§ **EXERCISE GOAL**:
Your answer must consist of exactly the lines below, starting with the line with "Brown birch firewood" and going on through the line with "Knitted striped cushion", and nothing else.

§ **INPUT RECORDS**:
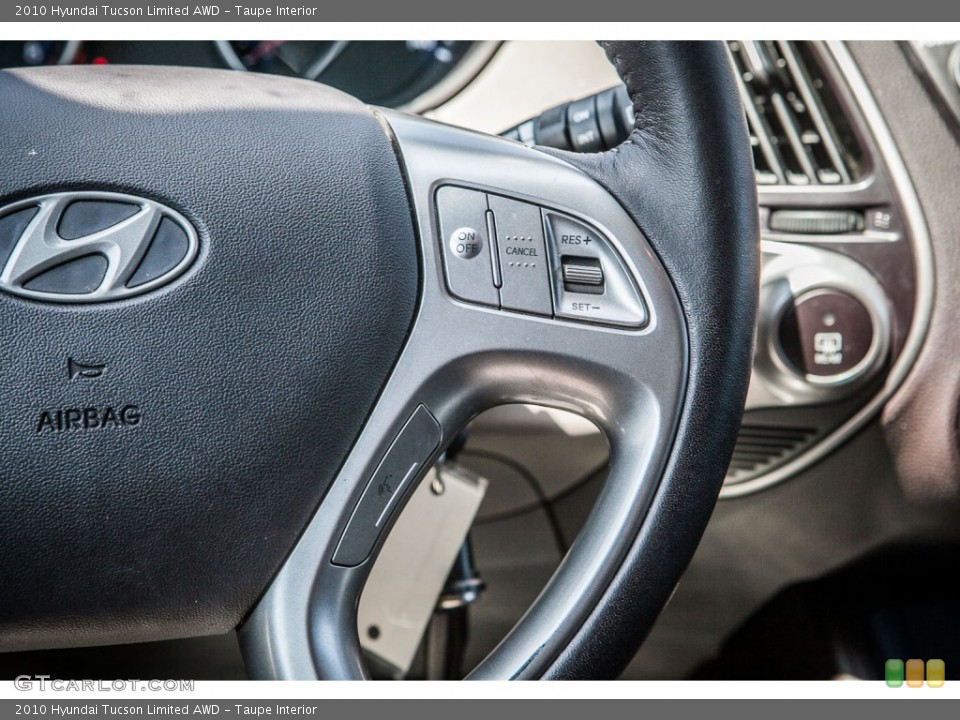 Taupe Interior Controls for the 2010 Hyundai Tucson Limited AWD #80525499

--

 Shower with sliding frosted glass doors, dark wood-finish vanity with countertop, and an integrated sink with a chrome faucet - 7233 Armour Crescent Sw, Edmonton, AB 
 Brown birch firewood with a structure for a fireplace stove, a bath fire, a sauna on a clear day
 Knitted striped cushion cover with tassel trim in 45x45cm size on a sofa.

* * *

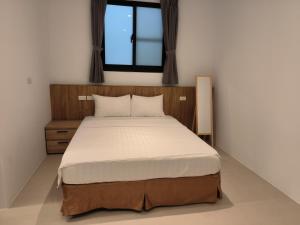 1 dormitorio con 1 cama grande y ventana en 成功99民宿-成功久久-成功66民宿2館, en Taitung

§ **SOLUTION FOR THIS PROBLEM**:
 Brown birch firewood with a structure for a fireplace stove, a bath fire, a sauna on a clear day
 Knitted striped cushion cover with tassel trim in 45x45cm size on a sofa.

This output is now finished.